**Exercise description:** Give the whole listing below once more, exactly, without pictures.

**Given information:**
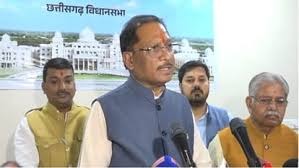 CG News: रायपुर में CM विष्णु देव साय का सम्मान, धर्म स्वातंत्र्य सहित 3 विधेयकों पर प्रतिनिधिमंडल ने जताया आभार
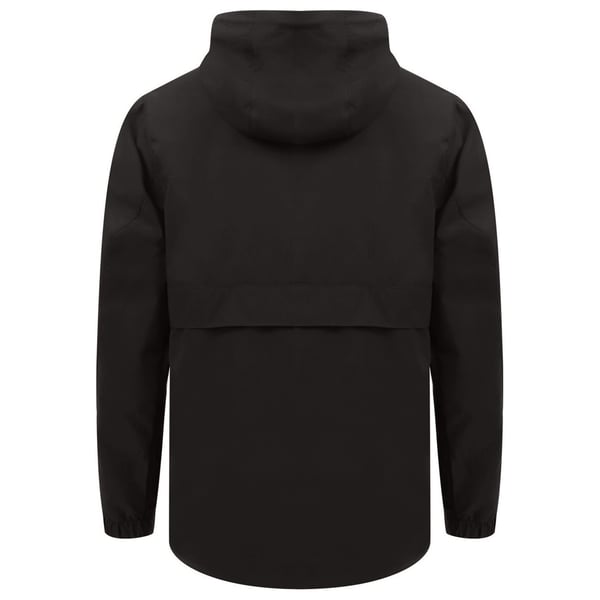 Front Row Unisex Adult Pull Over Half Zip Jacket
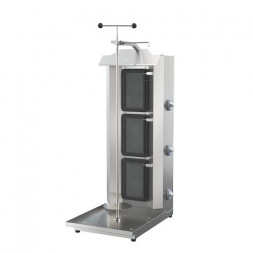 Установка для шаурмы газовая ATESY Шаурма-3-Газ-05-Оц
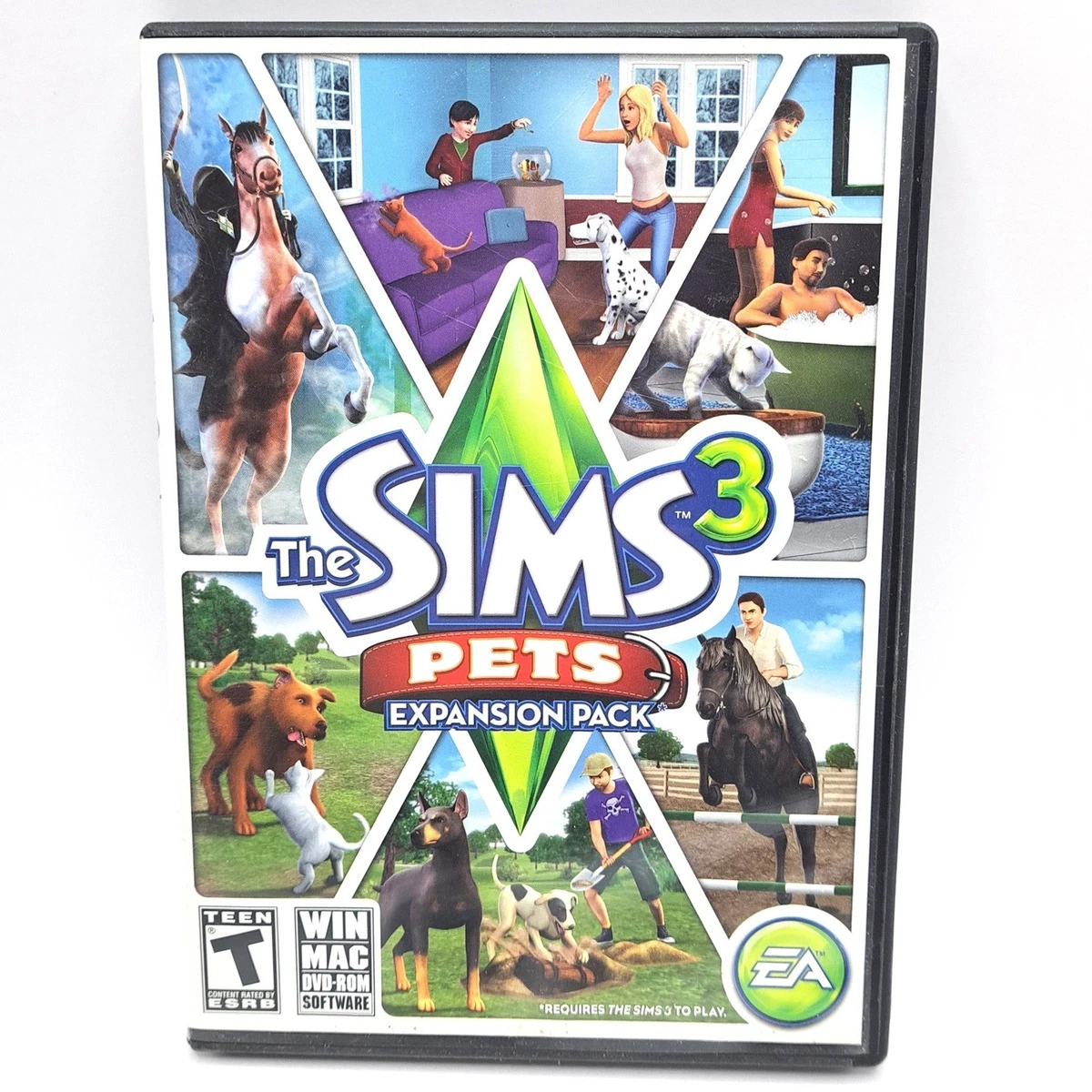 The Sims 3: Pets Video Games for sale | eBay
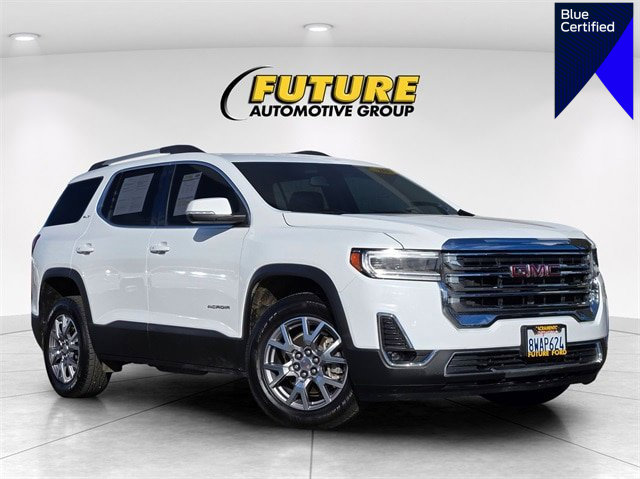Used 2020 GMC Acadia SLT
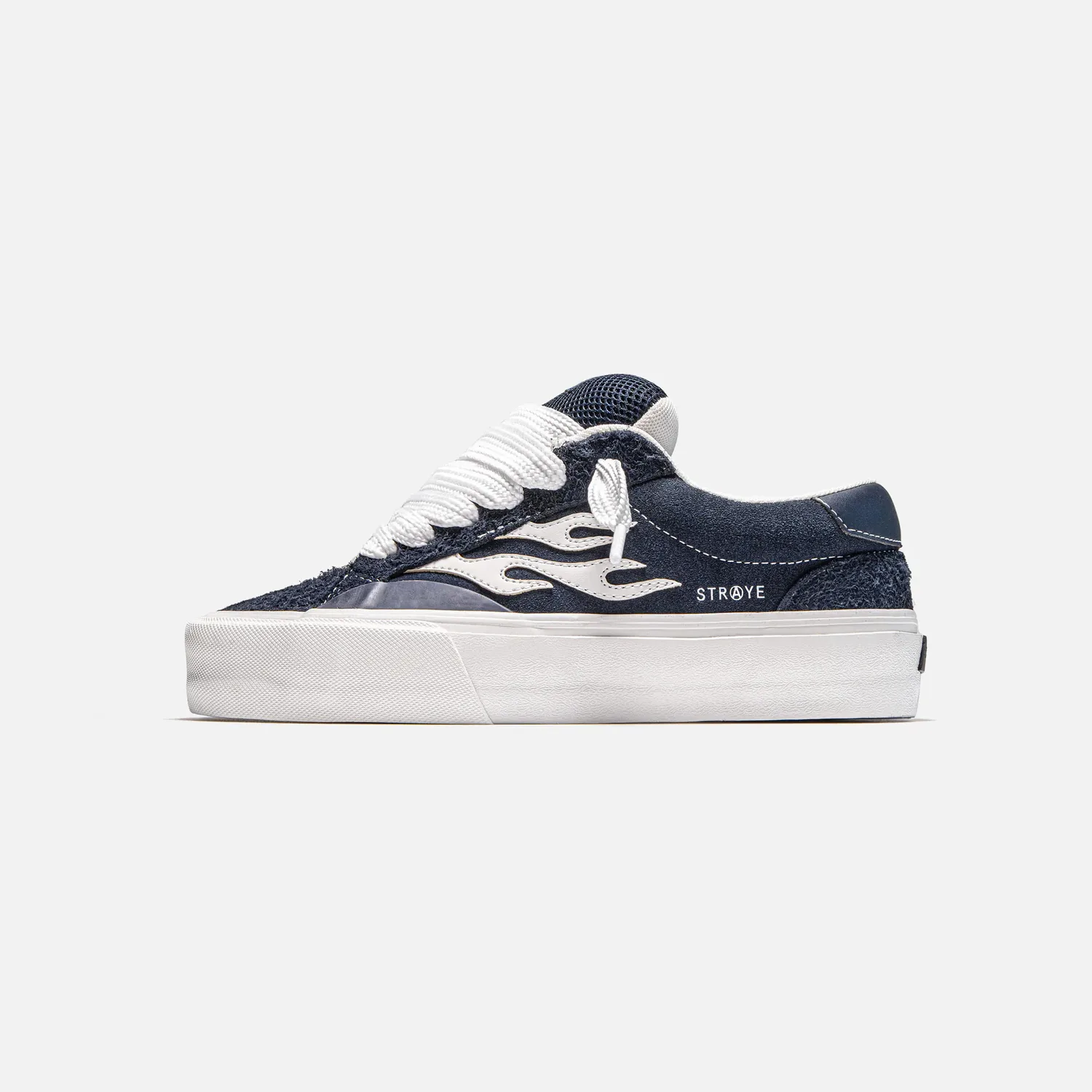 Кросівки "STRAYE LOGAN PUFF NAVY"
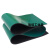 台垫绿色防滑胶皮维修桌垫工作台橡胶垫耐高温实验室桌布泰禧阁 1.2米*2.4米*3MM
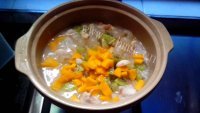 美味的创意水果腊八粥做法图解6)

**Result of the exercise:**
 CG News: रायपुर में CM विष्णु देव साय का सम्मान, धर्म स्वातंत्र्य सहित 3 विधेयकों पर प्रतिनिधिमंडल ने जताया आभार
 Front Row Unisex Adult Pull Over Half Zip Jacket
 Установка для шаурмы газовая ATESY Шаурма-3-Газ-05-Оц
 The Sims 3: Pets Video Games for sale | eBay
Used 2020 GMC Acadia SLT
 Кросівки "STRAYE LOGAN PUFF NAVY"
 台垫绿色防滑胶皮维修桌垫工作台橡胶垫耐高温实验室桌布泰禧阁 1.2米*2.4米*3MM
 美味的创意水果腊八粥做法图解6)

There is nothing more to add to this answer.